Вижу себя-ребенка за весьма свое­образным занятием. Я защипываю тугими прищепками кожу на руках. Больно. И остаются багровые полоски. Но терпимо. Значит, нужно сделать что-то посильней. Все это я проделываю от потрясения и жалости. К пионеру-герою, которому враги сначала вырвали ногти, потом раздавили пальцы, а уже потом повесили. Отложив прищепки, засовываю пальцы в дверную щель и надавливаю. Слезы – градом. Место действия – солнечный балкончик той квартиры, где я родилась. А это значит, что мне самое большее шесть лет, потому что в школу я пошла из другой квартиры. Кто познакомил пяти-шестилетнего ребенка с таким сюжетом? И почему я не помчалась к маме с ревом «Мальчика жалко!»? А потому, что уже знаю: тут есть что-то такое, к чему взрослые относятся по-особенному. Кстати, я, несомненно, и детально понимаю, что значит «повесили». Поупражняться в «повешении» мешает отсутствие «виселицы», которая необходима для такого дела. А то бы поупражнялась. И виселицу, и подробности дела я уже видела. В фильме про партизан. А еще враги кидали детей в костер. Это в фильме про Александра Невского. «Эх, коротка кольчужка…» От этой удивительной новинки – телевизора – меня прогоняют совсем в других случаях. Когда не стреляют, не бьют, не вешают, а целуются...
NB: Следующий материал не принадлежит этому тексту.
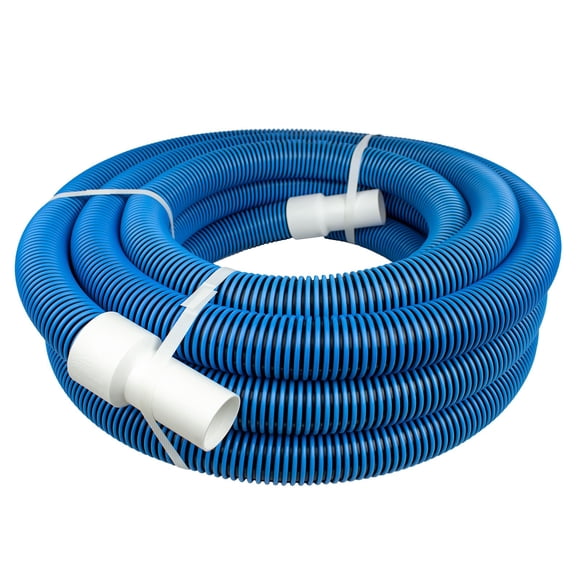 Manguera para Aspiradora de Piscina Poolmaven 15 m con Puño Giratorio Antienredos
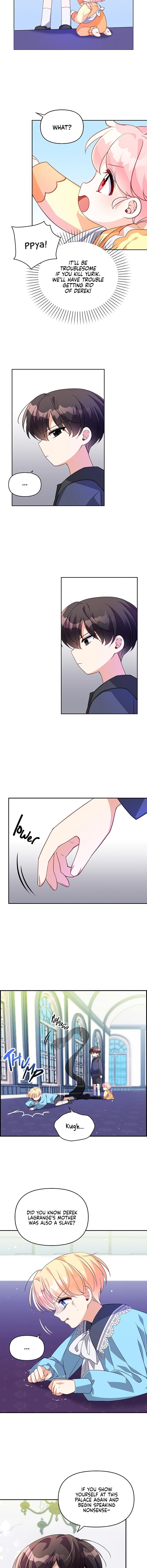 The Precious Sister of the Villainous Grand Duke Chapter 9 - Page 9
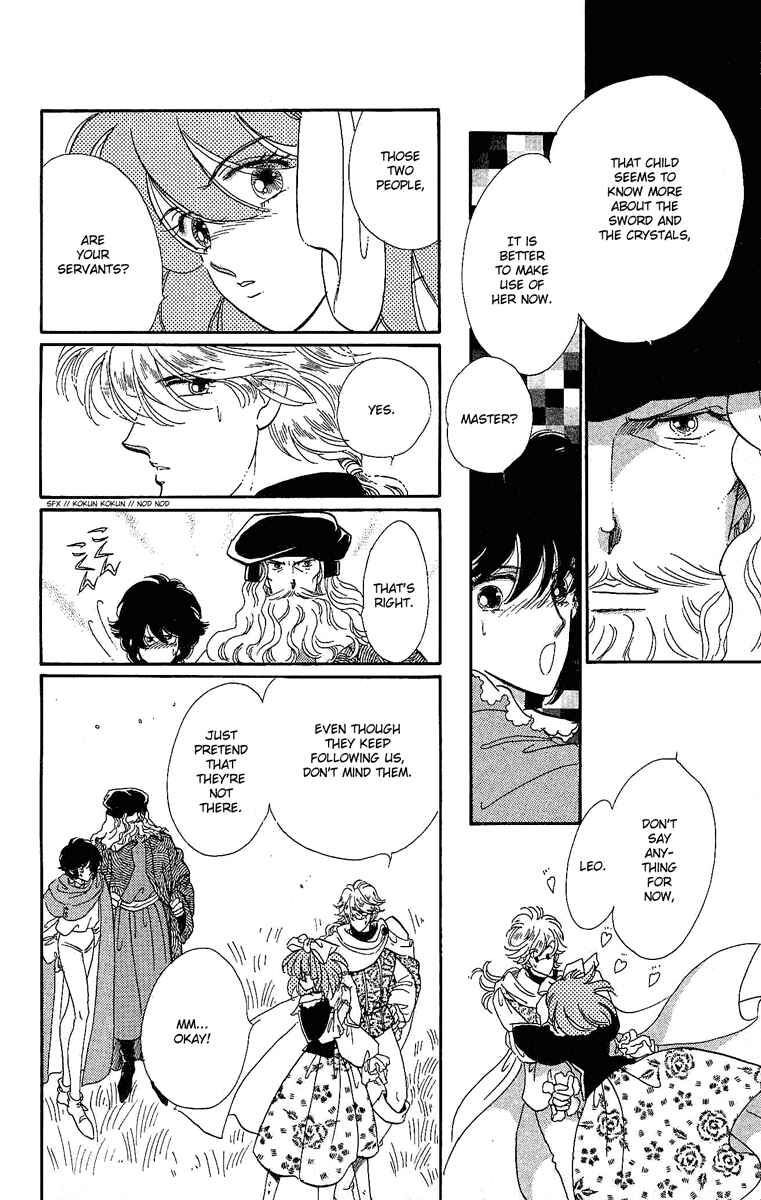 Page 5 Chapter 12 The Flower Crowned Madonna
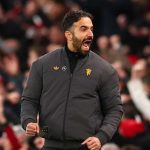 Amorim Soroti Performa MU: vs Brighton Lebih Lengkap, vs The Gunners Terbaik Secara Permainan Ruben Amorim berteriak merayakan kemenangan Manchester United vs Brighton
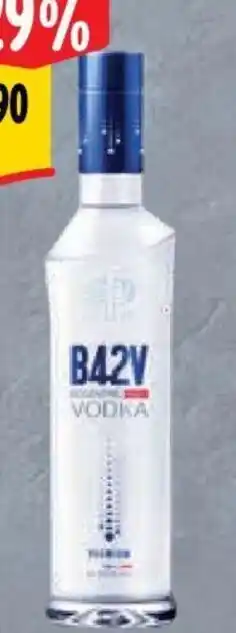 Albert B42V Eccentric Vodka nabídka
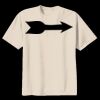 Youth Heavy Cotton 100% Cotton T Shirt Thumbnail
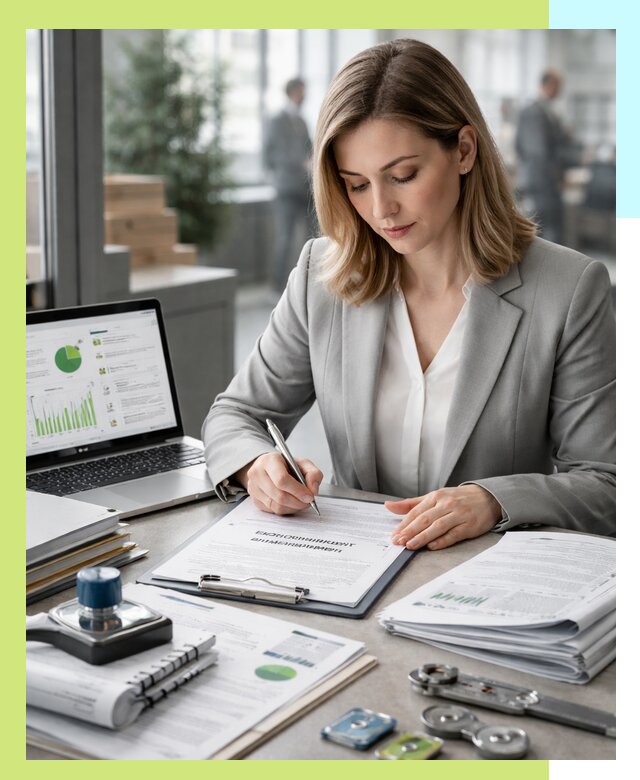 Получение сертификата ISO 14001 для вашей компании в Сарапуле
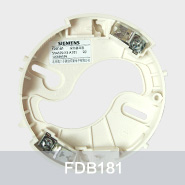 FDB181探测器底座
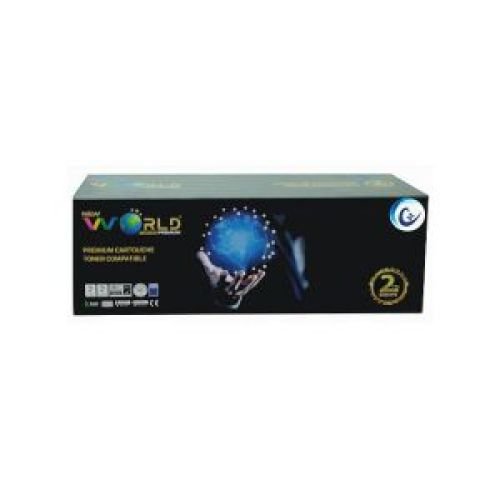 Toner compatible CE278A Noir NEW WORLD Réf : Can 728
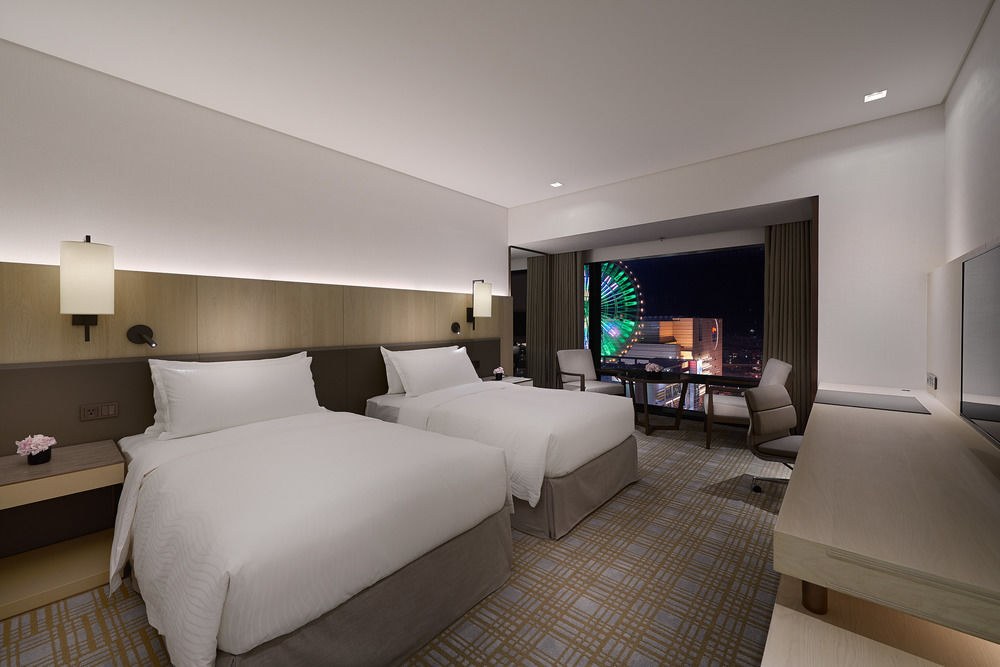 Taipei Marriott Hotel photo 2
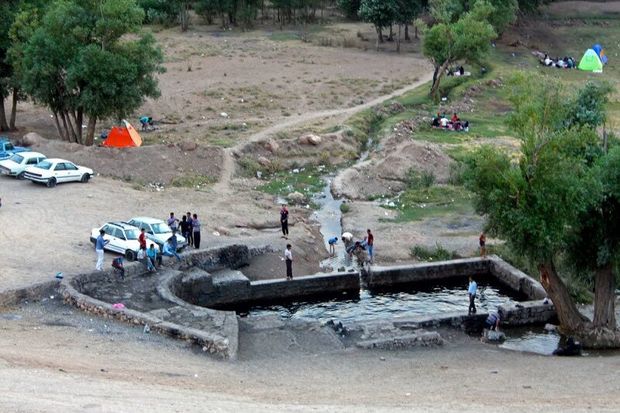 جای تاسیسات آبی قزوین در حوزه گردشگری خالی است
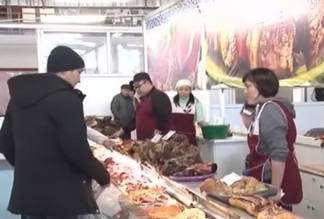 За год говядина в Казахстане подорожала на 17 процентов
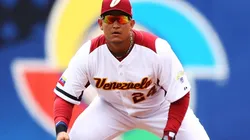 Miguel Cabrera of Venezuela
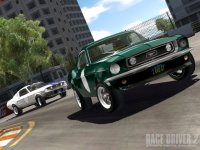 Cкриншот ToCA Race Driver 2: Ultimate Racing Simulator, изображение № 386672 - RAWG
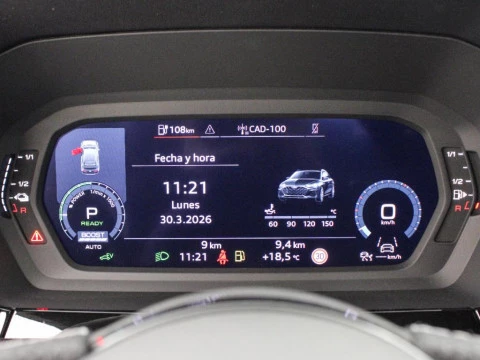 Audi A3 Sportback AUDI A3 SPORTBACK GENUINE EDITION TFSI E  150 KW S TRONIC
Почему Ленин так непонятно пишет?

Кажется, первое впечатление «особенного» отношения мамы с папой к моим словам связано совсем с полумладенческим возрастом. Картинка без начала и конца. Я говорю: «Дедушка Ленин? А где его Лена?» Откуда всплыл дедушка Ленин? Смутно вспоминается огромный в полдома портрет. И холодно. Значит, к ноябрьским праздникам вывесили портрет, а я спросила, кто это. Так могу восстановить ситуацию. Но помню свой вопрос и «особенный» отклик взрослых. Мама с папой как-то и улыбаются, и хмурятся. Я сказала что-то забавное, но… неправильное? Или даже нехорошее? Мне дают понять, что так говорить нельзя. В каких именно словах дают понять – не помню.
Еще один вопрос несколько лет спустя закрывает тему о дедушке Ленине навсегда.
Перед глазами некая наглядная агитация. Недалеко от дома. На красном то ли стенде, то ли на каком-то вечном стенном плакате длинная фраза белыми буквами, под фразой подпись. Я постоянно все это вижу, но не умею читать. А научившись, применяю к таинственной фразе свое свежее умение. Подпись прояснилась: В.И.Ленин. Но слова не складываются ни во что. Смысл написанного остается темным. Читаю раз за разом, но все равно не понимаю. Однажды, когда папа ведет меня за руку, показываю на эти белые буквы и спрашиваю – крайне неудачно: «Почему Ленин так непонятно пишет?» Получаю выговор, но «особенный». Папа отвечает, что Владимир! – Ильич! – Ленин пишет понятнее всех на свете. Что весь мир понял его слова и пошел за ними. И чтобы я никогда больше, ни единого раза не осмеливалась произносить ничего подобного.
Но ребенок – он же и зверек. Ладошкой, всем тельцем чувствует. Что именно? А то, что папе как-то ужасно неприятно. Что он как-то страшно… смущен? Растерян? Неужели испуган?
И я тоже проглатываю язык от неприятнейшего смущения.
Усвоено: эта тема вызывает вот такие чувства.

Париж и крысы

А другой раз рыдаю безудержно. Мама, папа, бабушка – каруселью вокруг меня: что случилось? Где больно? Минуту назад все было хорошо. Спокойно и дружно ужинали.
И минуту назад все стало ужасно. Я услышала и поняла жуткую новость. Мама с папой подали документы на поездку в Париж.
Я знаю, что такое Париж. Это такой город. Там очень-очень страшно. Там голод и холод. Там умирают люди и на них кидаются крысы. Там в ледяной каморке замерзла несчастная женщина. К ней, мертвой, жался ее малюсенький ребеночек. На них набросились крысы, крысы – и… съели.
«Не надо! – кричу наконец сквозь рыдания. – В Париже крысы едят людей!»
Вот честное слово.
Откуда мне известен еще и этот сюжет, не помню. Но известен в душераздирающих подробностях. Взрослые тоже его знают, потому что с тем самым тягостным смущением начинают объяснять… не сразу, запнувшись… что в Париже случается, конечно, такая беда, но советских туристов она не коснется. Я мотаю головой: не надо, не надо! А если крысы маму съедят? За папу не так боюсь. Крысы едят женщин и детей.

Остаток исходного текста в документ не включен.